2026 Capacity Milestones
As of February 2026, China added 45 GW of solar capacity in just two months, bringing total solar to 1,232 GW and total renewables to 2,381 GW. For context, China's total installed power capacity is approximately 3,500 GW — meaning renewables now represent roughly 68% of all generation capacity.
Wind power grew 18% year-over-year in the same period, while solar added 23% compared to the same timeframe in 2025. The growth rate in early 2026 actually exceeded the government's annual targets, suggesting the 15th Five-Year Plan will need to address the curtailment challenge — wasted renewable energy due to grid infrastructure lag.
Curtailment and Grid Reality
With 2,381 GW of renewables online, grid operators are increasingly struggling to absorb the intermittent generation. The National Energy Administration reported curtailment rates of 3.1% for solar and 2.8% for wind in early 2026 — while these numbers sound small, they represent over 100 TWh of wasted clean energy annually.

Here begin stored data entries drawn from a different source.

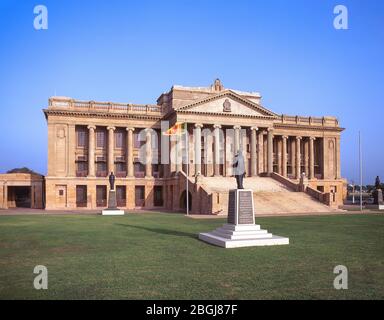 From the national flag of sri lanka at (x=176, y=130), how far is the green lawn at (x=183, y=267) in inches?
1028

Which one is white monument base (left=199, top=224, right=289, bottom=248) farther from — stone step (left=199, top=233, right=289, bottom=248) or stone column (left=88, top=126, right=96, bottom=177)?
stone column (left=88, top=126, right=96, bottom=177)

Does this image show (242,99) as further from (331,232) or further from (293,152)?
(331,232)

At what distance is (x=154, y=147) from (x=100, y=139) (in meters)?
8.05

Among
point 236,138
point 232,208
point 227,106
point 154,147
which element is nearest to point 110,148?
point 154,147

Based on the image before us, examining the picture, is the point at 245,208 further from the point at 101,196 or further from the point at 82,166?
the point at 82,166

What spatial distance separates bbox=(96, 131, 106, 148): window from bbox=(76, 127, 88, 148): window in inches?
67.6

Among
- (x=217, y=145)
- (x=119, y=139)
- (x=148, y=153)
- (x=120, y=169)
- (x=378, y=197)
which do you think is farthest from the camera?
(x=119, y=139)

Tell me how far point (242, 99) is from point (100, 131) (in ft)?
69.7

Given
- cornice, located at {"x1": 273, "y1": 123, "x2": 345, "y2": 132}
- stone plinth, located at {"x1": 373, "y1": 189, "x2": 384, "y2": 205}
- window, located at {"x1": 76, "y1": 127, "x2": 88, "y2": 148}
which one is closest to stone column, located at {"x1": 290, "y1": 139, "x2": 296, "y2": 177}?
cornice, located at {"x1": 273, "y1": 123, "x2": 345, "y2": 132}

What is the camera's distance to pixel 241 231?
17375 millimetres

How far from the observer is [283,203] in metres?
42.1

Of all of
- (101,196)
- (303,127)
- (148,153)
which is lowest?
(101,196)

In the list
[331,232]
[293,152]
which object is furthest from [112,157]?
[331,232] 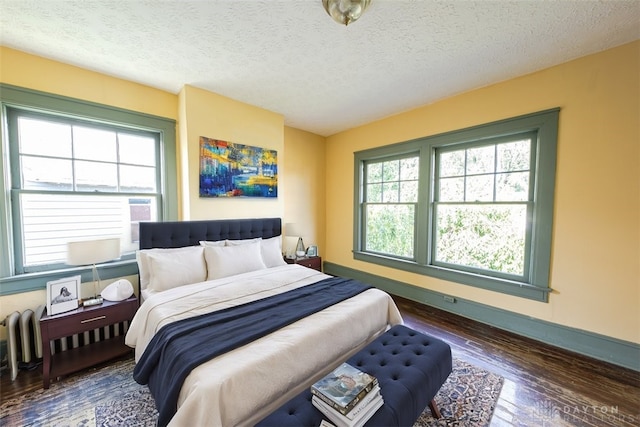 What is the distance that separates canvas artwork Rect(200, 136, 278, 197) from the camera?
2.92m

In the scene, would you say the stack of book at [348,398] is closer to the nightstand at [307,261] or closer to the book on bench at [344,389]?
the book on bench at [344,389]

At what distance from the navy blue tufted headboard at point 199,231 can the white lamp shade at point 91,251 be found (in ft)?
1.04

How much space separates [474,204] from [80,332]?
4.18 metres

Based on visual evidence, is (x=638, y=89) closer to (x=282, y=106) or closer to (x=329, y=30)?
(x=329, y=30)

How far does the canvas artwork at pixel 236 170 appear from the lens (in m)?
2.92

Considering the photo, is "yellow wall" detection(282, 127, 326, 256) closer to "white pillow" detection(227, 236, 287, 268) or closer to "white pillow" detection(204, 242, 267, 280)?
"white pillow" detection(227, 236, 287, 268)

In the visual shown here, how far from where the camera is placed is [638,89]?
1.97 meters

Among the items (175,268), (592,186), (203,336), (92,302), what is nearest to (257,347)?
(203,336)

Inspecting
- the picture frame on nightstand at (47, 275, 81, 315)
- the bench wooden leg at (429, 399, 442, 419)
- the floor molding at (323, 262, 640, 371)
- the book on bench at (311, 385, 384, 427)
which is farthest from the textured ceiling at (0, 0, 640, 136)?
the bench wooden leg at (429, 399, 442, 419)

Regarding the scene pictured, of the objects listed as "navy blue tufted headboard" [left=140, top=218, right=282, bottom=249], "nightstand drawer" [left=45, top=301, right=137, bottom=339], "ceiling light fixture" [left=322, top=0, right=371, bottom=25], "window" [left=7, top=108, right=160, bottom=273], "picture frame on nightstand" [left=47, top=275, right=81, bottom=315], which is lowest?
"nightstand drawer" [left=45, top=301, right=137, bottom=339]

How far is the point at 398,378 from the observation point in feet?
4.38

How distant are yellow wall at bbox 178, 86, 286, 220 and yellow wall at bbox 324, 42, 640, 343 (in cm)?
282

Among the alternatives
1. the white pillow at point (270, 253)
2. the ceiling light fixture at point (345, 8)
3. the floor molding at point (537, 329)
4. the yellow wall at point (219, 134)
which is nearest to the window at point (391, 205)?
the floor molding at point (537, 329)

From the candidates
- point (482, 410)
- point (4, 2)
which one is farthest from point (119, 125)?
point (482, 410) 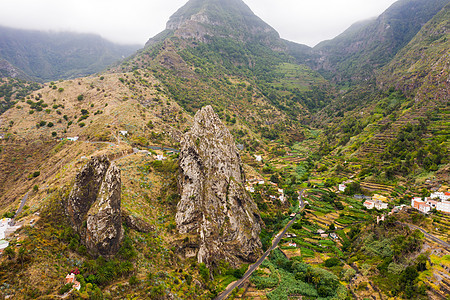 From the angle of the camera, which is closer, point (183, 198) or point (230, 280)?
point (230, 280)

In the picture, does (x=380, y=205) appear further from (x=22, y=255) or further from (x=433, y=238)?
(x=22, y=255)

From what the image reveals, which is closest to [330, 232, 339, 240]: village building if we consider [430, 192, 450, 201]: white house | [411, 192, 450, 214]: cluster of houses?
[411, 192, 450, 214]: cluster of houses

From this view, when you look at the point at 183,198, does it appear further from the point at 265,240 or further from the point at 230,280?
the point at 265,240

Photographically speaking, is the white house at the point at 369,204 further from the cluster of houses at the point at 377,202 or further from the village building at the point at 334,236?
the village building at the point at 334,236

The solution being deployed is the Western Energy Corridor — massive UHV (Ultra-High Voltage) transmission lines running from Gansu, Qinghai, and Xinjiang solar farms to eastern load centers. As of 2026, approximately 80 GW of new UHV capacity has come online, but the demand growth from AI data centers and manufacturing is outpacing transmission buildout by an estimated 15-20%.
Key Data Points
| Metric | 2025 | 2026 (early) | Change |
|---|---|---|---|
| Total Solar Capacity | 1,187 GW | 1,232 GW | +45 GW (Jan-Feb) |
| Total Wind Capacity | 520 GW | ~530 GW | +10 GW |
| Total Renewables | ~2,200 GW | 2,381 GW | +181 GW |
| Renewable Share of Capacity | ~63% | ~68% | +5pp |
| Annual Energy Intensity Target | 5.5% | Target ongoing | On track? |
| Curtailment Rate (Solar) | ~4.0% | 3.1% | Improving |
Storage Deployment
Battery storage is the critical missing link. China's grid-scale battery storage reached 28 GW by early 2026, up from just 8 GW in 2024. The cost per kWh dropped below $100 for the first time, driven by lithium iron phosphate (LFP) technology maturation and domestic supply chain dominance. CATL and BYD collectively control approximately 70% of global LFP production.

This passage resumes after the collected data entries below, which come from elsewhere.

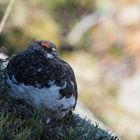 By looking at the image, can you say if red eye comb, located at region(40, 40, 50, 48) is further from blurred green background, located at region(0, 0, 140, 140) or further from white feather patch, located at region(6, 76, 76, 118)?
blurred green background, located at region(0, 0, 140, 140)

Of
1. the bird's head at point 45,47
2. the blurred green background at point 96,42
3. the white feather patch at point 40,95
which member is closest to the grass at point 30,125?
the white feather patch at point 40,95

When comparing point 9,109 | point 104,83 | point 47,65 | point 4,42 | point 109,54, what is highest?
point 109,54

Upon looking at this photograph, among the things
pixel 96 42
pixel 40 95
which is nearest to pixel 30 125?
pixel 40 95

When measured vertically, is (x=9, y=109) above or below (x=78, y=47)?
below

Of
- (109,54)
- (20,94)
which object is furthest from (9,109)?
(109,54)

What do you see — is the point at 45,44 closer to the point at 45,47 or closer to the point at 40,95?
the point at 45,47

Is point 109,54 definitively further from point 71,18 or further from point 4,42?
point 4,42

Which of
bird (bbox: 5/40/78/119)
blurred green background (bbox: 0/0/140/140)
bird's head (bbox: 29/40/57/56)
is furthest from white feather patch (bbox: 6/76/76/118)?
blurred green background (bbox: 0/0/140/140) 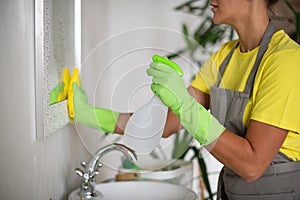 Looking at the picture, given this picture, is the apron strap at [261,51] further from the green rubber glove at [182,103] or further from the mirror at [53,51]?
the mirror at [53,51]

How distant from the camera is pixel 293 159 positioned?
1526 millimetres

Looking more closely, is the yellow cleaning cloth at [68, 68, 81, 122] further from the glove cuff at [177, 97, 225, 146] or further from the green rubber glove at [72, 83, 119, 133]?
the glove cuff at [177, 97, 225, 146]

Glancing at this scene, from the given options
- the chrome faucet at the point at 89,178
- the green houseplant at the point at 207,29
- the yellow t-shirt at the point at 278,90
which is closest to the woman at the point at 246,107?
the yellow t-shirt at the point at 278,90

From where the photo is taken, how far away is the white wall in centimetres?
107

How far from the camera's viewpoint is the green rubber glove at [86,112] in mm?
1467

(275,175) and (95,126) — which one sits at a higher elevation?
(95,126)

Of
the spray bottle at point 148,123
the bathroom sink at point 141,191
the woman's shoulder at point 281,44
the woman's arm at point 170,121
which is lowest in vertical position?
the bathroom sink at point 141,191

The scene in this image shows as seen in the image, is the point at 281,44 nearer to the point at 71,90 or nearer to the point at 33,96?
the point at 71,90

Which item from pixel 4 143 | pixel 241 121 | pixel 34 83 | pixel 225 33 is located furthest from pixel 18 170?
pixel 225 33

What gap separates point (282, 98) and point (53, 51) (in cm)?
61

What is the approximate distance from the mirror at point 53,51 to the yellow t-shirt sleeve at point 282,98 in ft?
1.77

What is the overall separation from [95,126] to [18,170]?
1.25ft

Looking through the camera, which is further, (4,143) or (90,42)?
(90,42)

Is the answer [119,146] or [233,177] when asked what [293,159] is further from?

The government's 15th Five-Year Plan (2026-2030) includes explicit targets for 50 GW of new grid-scale storage by 2028. However, the economics of storage are still dependent on government mandates rather than pure market forces — grid operators are required to pair new renewable builds with 10-20% storage capacity.
International Context
China's 2026 carbon intensity reduction target of 5.5% annual improvement is ambitious by historical standards. For comparison, the EU achieved an average of 1.5-2.0% annual improvements over the past decade. China's faster pace is enabled by two factors: (1) the absolute cost of renewables is lower in China due to domestic manufacturing dominance, and (2) China's grid is still adding capacity faster, so the marginal new generation is cleaner than the marginal existing generation.
However, absolute emissions are still rising because overall energy demand is growing 4-5% annually, offsetting the intensity improvements. The peak is expected around 2027-2028 based on current trajectories.